Utilization forecasting driven by AI and ML, on the other hand, utilizes seasonal-trend decomposition using the Loess (STL) method. STL allows you to study the propagation and degradation of memory, as well as analyze pattern matching, whereby periodic configuration changes in a metric will automatically be adjusted. In simple terms, STL dramatically improves the accuracy of AI/ML-driven forecasting thanks to those dynamic, automated adjustments. Moreover, if any new memory is allocated, or if the memory size is increased or decreased for a device, the prediction will change accordingly; this is not possible with linear regression.

To forecast utilization proactively, you need accurate algorithms that can analyze usage patterns and detect anomalies in daily usage trends—without generating any false positives. Let’s examine a simple use case.

With AI/ML-driven utilization forecasting, you can find a minor increase in your office bandwidth usage during the World Series, the FIFA World Cup, or other sporting events. Even if you have a huge amount of unused internet bandwidth, this anomalous usage can be detected.

Likewise, proactive utilization forecasting lets you know when to upgrade your infrastructure by factoring your business’ new recruitment and attrition rates. With AI aiding intent-based networking, the IT admin is the gamemaster as well as the umpire, well-equipped with an extra pair of artificially intelligent eyes, ready to spot violations. Fueled by AI-based forecasting techniques, an organization’s mean time to repair (MTTR) is also bound to reduce.

Data-Driven Decision-Making with AI/ML-Driven Utilization Forecasts

Incorporating AI-based forecasting consequently means fewer bottlenecks and increased productivity for IT admins. While previously there was a need for constant, manual network monitoring, AI and ML can now be used to generate a forecast report so an IT admin has a clearer picture of the usage levels of various devices in the network. AI can provide predictions that play a pivotal role in an IT admin’s evaluation process, thus eliminating possible human error or biases. In other words, ML coupled with human intervention is possibly the best way to go about making all important, resource-dependent IT decisions.

IT admins can get a helping hand from an AIOps-enabled network performance monitoring (NPM) tool that offers data-driven recommendations in terms of consumable data formats of only useful information. This results in less experience-based problem-solving and more data-influenced problem avoidance. An AIOps-enabled NPM solution can alert the IT admin in advance about possible performance degradation. AI/ML-based forecasting enables organizations to raise automated device procurement requests well in advance, plan their internet billing and IT infrastructure budget, know if they need to reduce their internet usage, and modify the allocation and reallocation of virtual memory as required. This essentially means you can roll out the solution to a networking issue before it even knocks at your data center’s door.

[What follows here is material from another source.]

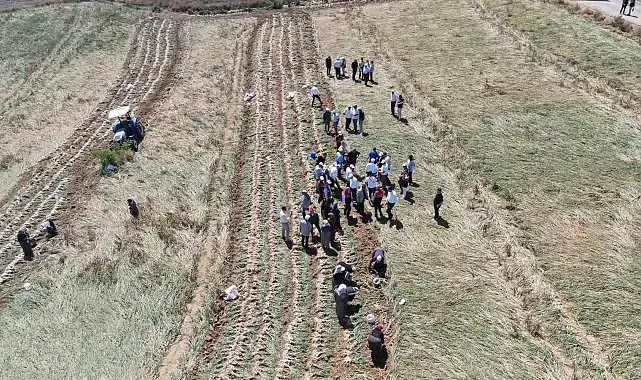 Dünyaca ünlü Taşköprü sarımsağının hasadı başladı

Beyond forecasting, ML can also be used to improve anomaly detection. Here, adaptive thresholds for different metrics are established using ML and analysis of historic data, revealing anomalies and triggering appropriate alerts. Furthermore, application and infrastructure monitoring functions will also be improved when enhanced with AI and ML technologies.

Perhaps in the not-too-distant future, AI/ML-driven forecasting and monitoring will rival the predictive powers of the fabled crystal ball.